Türk sporcusunu başarıya motive eden Gençlik marşı…
İşte bu nedenle Gençlik Marşı Türk sporcusu için çok önem arz ediyor. Türk Gençliği, bu marşın ruhuyla sahada mücadele edince başarıya motive oluyor.Tribündeki taraftarlar sahada mücadele eden takımlarını yıllardır bu marşı söyleyerek motive etmeye devam ediyorlar. Galatasaray’ın 2000 yılında ülkemize kazandırdığı UEFA Kupası finalinde uzatma dakikaları oynanırken, son düdüğe kadar tribünde taraftarlar hiç susmadan bu marşı söylemiş ve penaltı atışları neticesinde UEFA Kupası Türkiye’ye gelmişti.
Şenol Güneş’in Milli Takımın başına geçmesiyle birlikte Gençlik Marşı’nın sözleri Türk Gençliği için yeniden umut oldu. Güneş ufuktan doğdu, Türk Milli Takımı hedefe doğru emin adımlarla ilerlemeye başladı. Arnavutluk Milli takımını deplasmanda( 0-2 ) sonrasında Moldova’yı Eskişehir’de müthiş bir oyunla (4-0) yenerek 2020 Avrupa Futbol Şampiyonası Grup elemelerine müthiş bir başlangıç yaptık. Başta Şenol Güneş ve teknik ekibini ve tüm futbolcularımızı tebrik ediyorum.
A Milli Futbol Takımımız genç isimlerin ağırlıklı forma giydiği yenilenmiş kadrosuyla gelecek için umut veriyor. Şenol Güneş’in takımın başına geçmesiyle ilk iki maçta elde edilen bu başarılı sonuçlar uzun zamandır kaybedilen öz güveni geri getirdi. Özellikle Moldova maçının 85. dakikasında skor 4-0 olmasına rağmen rakip sahada baskı yapan futbolcuları görünce hepimiz işte aradığımız milli takım budur, tamam bu iş dedik. Şenol hocanın çok doğru bir tercih olduğunu düşünüyorum bunu daha önce bir yazımda belirtmiştim. Şenol Güneş’in 2002 Dünya Kupası üçüncülüğünden sonra yeni bir başarı hikayesi yazmasını bekliyorum. Gençlik marşının ruhuyla 2020 Avrupa Futbol Şampiyonasında sahada bizi heyecanlandıran, müthiş bir milli takım hayal etmeye başladık bile. 2008 Avrupa Futbol Şampiyonası heyecanını yeniden yaşayabiliriz kim bilir komşumuz Yunanistan’ın 2004 yılında elde ettiği başarıyı bizde elde edebiliriz.
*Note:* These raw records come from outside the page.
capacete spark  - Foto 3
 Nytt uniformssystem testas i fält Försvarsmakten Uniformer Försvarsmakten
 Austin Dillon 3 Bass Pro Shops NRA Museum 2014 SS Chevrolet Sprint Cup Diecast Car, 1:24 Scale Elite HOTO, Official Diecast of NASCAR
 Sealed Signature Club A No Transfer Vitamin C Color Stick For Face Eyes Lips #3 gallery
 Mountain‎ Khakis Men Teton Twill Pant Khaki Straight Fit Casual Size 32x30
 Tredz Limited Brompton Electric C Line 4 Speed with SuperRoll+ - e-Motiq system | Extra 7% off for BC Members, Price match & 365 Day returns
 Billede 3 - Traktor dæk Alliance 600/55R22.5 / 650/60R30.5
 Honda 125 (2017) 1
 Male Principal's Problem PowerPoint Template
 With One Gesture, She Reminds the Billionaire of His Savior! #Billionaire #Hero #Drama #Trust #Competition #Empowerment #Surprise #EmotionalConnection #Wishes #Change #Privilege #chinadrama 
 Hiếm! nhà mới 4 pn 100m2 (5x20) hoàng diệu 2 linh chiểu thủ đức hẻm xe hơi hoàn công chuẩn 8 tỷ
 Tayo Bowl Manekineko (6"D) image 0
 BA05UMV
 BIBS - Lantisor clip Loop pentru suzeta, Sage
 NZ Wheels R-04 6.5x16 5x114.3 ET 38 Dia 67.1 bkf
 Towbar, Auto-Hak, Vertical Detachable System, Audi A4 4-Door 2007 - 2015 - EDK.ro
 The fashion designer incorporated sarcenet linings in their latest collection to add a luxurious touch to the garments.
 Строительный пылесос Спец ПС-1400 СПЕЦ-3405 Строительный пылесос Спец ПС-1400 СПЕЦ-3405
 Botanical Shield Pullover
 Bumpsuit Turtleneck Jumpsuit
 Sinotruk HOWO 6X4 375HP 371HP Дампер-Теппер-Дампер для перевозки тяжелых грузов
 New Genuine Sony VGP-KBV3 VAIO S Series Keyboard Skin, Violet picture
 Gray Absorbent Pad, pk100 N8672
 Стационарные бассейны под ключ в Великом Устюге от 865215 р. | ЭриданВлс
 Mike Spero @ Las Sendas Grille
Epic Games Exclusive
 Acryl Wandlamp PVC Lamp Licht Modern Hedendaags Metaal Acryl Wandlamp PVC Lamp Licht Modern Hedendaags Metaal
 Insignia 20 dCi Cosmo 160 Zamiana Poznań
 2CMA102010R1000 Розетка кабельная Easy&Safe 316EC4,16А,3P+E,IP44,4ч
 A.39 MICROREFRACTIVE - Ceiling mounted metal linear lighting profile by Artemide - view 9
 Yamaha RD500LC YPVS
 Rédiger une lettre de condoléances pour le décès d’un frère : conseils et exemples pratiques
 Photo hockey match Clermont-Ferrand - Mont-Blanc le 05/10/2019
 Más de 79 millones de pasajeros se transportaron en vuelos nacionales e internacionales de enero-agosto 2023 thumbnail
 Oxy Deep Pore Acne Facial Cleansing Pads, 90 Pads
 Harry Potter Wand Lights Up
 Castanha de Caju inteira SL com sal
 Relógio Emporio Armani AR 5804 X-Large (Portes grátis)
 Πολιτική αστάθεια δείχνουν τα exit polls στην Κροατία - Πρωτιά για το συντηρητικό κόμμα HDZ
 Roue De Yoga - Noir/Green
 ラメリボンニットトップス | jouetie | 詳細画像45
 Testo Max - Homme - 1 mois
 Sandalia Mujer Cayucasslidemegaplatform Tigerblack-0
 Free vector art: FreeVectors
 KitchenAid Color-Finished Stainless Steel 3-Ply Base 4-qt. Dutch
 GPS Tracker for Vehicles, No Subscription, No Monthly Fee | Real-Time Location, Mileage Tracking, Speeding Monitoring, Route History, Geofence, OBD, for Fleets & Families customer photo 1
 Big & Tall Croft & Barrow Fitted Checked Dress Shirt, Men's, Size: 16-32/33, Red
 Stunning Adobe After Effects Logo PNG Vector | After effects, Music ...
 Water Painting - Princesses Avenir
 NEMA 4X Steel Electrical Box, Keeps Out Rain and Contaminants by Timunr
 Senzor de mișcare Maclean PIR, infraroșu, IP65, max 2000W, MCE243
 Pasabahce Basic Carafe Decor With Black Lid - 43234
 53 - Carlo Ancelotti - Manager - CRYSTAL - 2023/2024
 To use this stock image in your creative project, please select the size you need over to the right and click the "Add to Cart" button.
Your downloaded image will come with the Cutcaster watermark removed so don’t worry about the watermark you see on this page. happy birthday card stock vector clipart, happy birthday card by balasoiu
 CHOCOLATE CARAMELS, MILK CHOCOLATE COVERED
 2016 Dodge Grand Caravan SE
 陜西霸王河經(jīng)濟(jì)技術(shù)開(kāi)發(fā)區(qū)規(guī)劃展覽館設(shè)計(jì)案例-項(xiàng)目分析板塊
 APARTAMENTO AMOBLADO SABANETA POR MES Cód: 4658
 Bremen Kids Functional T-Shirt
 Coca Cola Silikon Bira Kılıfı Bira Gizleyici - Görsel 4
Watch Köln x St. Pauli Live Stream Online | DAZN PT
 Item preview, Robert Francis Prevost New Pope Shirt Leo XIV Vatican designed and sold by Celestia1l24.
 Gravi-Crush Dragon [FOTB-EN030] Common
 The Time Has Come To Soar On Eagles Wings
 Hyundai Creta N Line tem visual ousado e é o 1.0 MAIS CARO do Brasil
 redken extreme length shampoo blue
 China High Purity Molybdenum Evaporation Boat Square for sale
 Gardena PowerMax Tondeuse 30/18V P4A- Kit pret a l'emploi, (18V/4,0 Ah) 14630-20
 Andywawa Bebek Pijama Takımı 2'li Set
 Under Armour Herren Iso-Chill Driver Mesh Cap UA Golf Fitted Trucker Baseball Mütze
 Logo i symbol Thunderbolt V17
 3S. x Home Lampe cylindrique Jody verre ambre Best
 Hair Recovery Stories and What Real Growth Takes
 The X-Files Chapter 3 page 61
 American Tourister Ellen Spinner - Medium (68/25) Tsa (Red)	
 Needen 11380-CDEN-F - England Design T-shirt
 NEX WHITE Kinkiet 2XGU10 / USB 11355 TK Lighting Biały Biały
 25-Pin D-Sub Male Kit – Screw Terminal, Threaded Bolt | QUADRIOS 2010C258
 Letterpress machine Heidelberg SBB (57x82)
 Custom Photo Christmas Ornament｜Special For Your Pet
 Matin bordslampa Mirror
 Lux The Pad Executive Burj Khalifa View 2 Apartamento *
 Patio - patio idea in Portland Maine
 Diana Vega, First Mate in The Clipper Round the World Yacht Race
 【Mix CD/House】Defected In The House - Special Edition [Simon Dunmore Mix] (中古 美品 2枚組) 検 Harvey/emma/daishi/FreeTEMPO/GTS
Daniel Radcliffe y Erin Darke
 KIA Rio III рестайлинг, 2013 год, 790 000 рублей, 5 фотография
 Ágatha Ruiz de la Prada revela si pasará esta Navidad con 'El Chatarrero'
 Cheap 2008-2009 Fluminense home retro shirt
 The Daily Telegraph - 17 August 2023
Milli Takımın Arnavutluk ve Moldova kadrosuna çağrılan isimler;
Muhammed Şengezer, Uğurcan Çakır, Ozan Kabak, Zeki Çelik, Çağlar Söyüncü, Kaan Ayhan, İrfan Can Kahveci, Yusuf Yazıcı, Dorukhan Toköz, Oğuzhan Özyakup, Okay Yokuşlu, Yunus Mallı, Emre Kılınç, Hakan Çalhanoğlu, Merih Demiral, Emre Taşdemir, Deniz Türüç, Güven Yalçın, Cenk Tosun. Cengiz Ünder ve Emre Akbaba sakatlıktan yeni çıktıkları için kadroda yer alamadılar.
19 ila 27 yaş arasında olan bu genç kadronun arasında Sinan Bolat, Emre Belözoğlu, Mehmet Topal, Burak Yılmaz, Hasan Ali Kaldırım, Gökhan Gönül, Mert Günok, Mahmut Tekdemir, Efecan Karaca gibi tecrübeli isimler yer alıyor. İşte özlediğimiz mili ruhla, heyecanla sahada mücadele eden bizi umutlandıran Milli takımımız.
Haydi o zaman “ Güneş ufuktan şimdi doğar yürüyelim arkadaşlar”.